Day: September 25, 2004

  • Movie: Winged Migration

    Yes, like everyone else who has seen (or will see) Winged Migration, I found myself wondering time and again how they shot this film of real birds. Fortunately, with the DVD’s special features, some of the details are available. Just incredible visual scenery, without effects. With all the possibilities for simulation and creation, recording the real world from innovative viewpoints is little short of amazing. Ninety minutes felt like a bit much, but I’m not sure what I could cut… and the filmmakers mentioned flying more than 15,000 hours in the 3-4 years of filming, so it’s not like they didn’t edit already. The website isn’t much, but it does have a map of the actual migration patterns followed.

  • Movie: In & Out

    Kevin Kline is a school teacher in the Midwest, outed by a former student (Matt Dillon) at the Oscars only days before his wedding (to Joan Cusack’s character). Denial, and then acceptance, all very light-hearted. The movie is In & Out. Short, funny… would be good on an airplane, and was good at the end of a long day last week at home with the DVD. One amusing web-note: movie was made in 1997, and originally had the URL inandout.com for the official site, which is what I usually link to. That URL now links to the burger chain, but when the movie studio originally let the domain registration lapse, it was grabbed for less-savory scenes, as detailed in this 1999 CNET News.com story. Oops.

  • Book: Small Pieces Loosely Joined

    David Weinberger published Small Pieces Loosely Joined: A unified theory of the web in 2002. I just got to the book a few weeks ago, after finding a hardcover copy lying about the office during a move. Like The Tipping Point, Small Pieces is one of those books I’ve heard about and lived (in some small ways), so I wasn’t surprised by the tone or the broad message. But I am still startled by some of the phrases and phrasings which encapsulated some of my own thoughts about the way the web really is life-changing.

    Weinberger, like others who write well, records his thoughts in ways that resemble thinking.

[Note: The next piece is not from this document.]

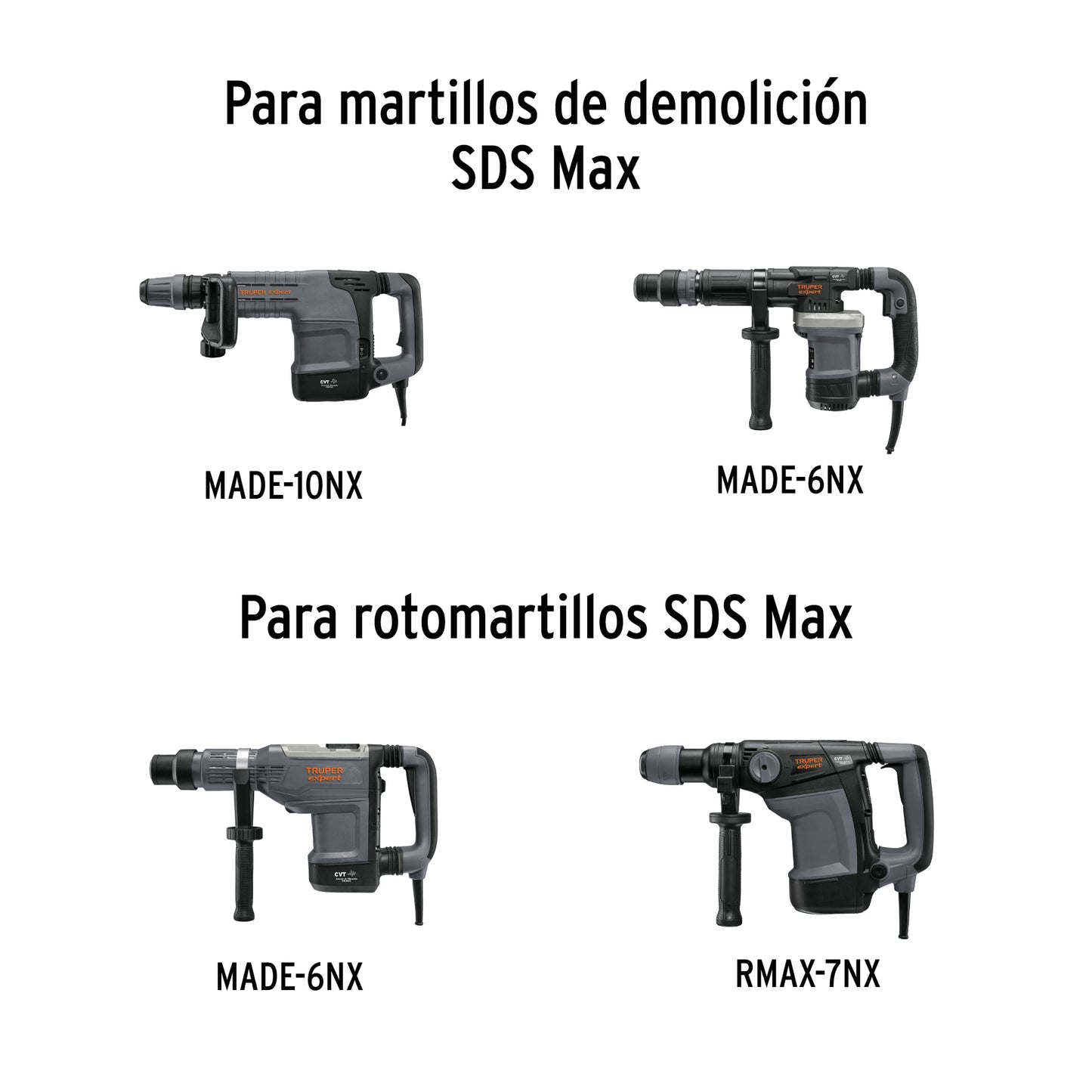 Cincel plano SDS max de 1" x 16"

That talent requires a disciplined ignorance of everything that might interfere with or interrupt the translation from ideas to words. Personally, I usually find that concentration only when reading, or lying in bed unable to sleep. Getting up to write it down is futile, so far.

    I actually picked up a pen and marked a few pages to record here, which shows you (a) how much I enjoyed this book and (b) how much the idea of blogging what I read is changing how I read. Here are the passages I’d like to “underline” for others.

    Words may be the stuff of the Web, but time determines its structures. And it’s as if we’re trying to fill every available temporal niche on the Web with new types of talking. [p. 62, from Chapter 3, Time… of course I jump at that one]

    When it comes to failure, corporations use these formulaic, ritualistic words precisely so that our eyes have no purchase on what’s written. [p. 73, reminds me how people are always surprised to get a response to an email they write to a site… and why I get such pleasure out of showing readers “behind the curtain” at work]

    Unlike databases, jokes, the other form of knowledge on the Web, reveal what you weren’t expecting. If they’re predictable, they’re about as funny as a database. … Laughter is the sound of sudden knowledge.
    The Web is useful because of the database applications that let us look up information, find flights, make reservations, buy books. The Web is exciting not because it gives us the efficiency of databases but because it gives us the punch of a good joke. [p. 144… read on through the end of 145, which is also the end of Chapter 6, Knowledge]

    Yet, considered simply as written, these two pages have something important, and quite simple, in common: both sites were created because the authors wanted to share something with others. Despite their difference in content and style, both pages are social acts, written with others in mind. We take that for granted when we visit a site. We understand without having to think about it that the site expresses a point of view. [p. 165]

    Three side notes:

    1. I still have not read The Cluetrain Manifesto. Weinberger is one of the four co-authors. I think admitting this fact on my blog revokes my credentials? But the first step in any program is admitting you need help! 😉
    2. Weinberger, of course, has been blogging about as long as anyone. I’ve been there a few times, but not often.
    3. The copy I have is a signed copy, with a short note to a former News.com colleague, Jennifer Balderama, whose blog I haven’t read in a long time. I think she’s at the Washington Post still.

    Happy to return the book anytime… but glad it survived in the newsroom this long, so I could get around to catching up, two years later.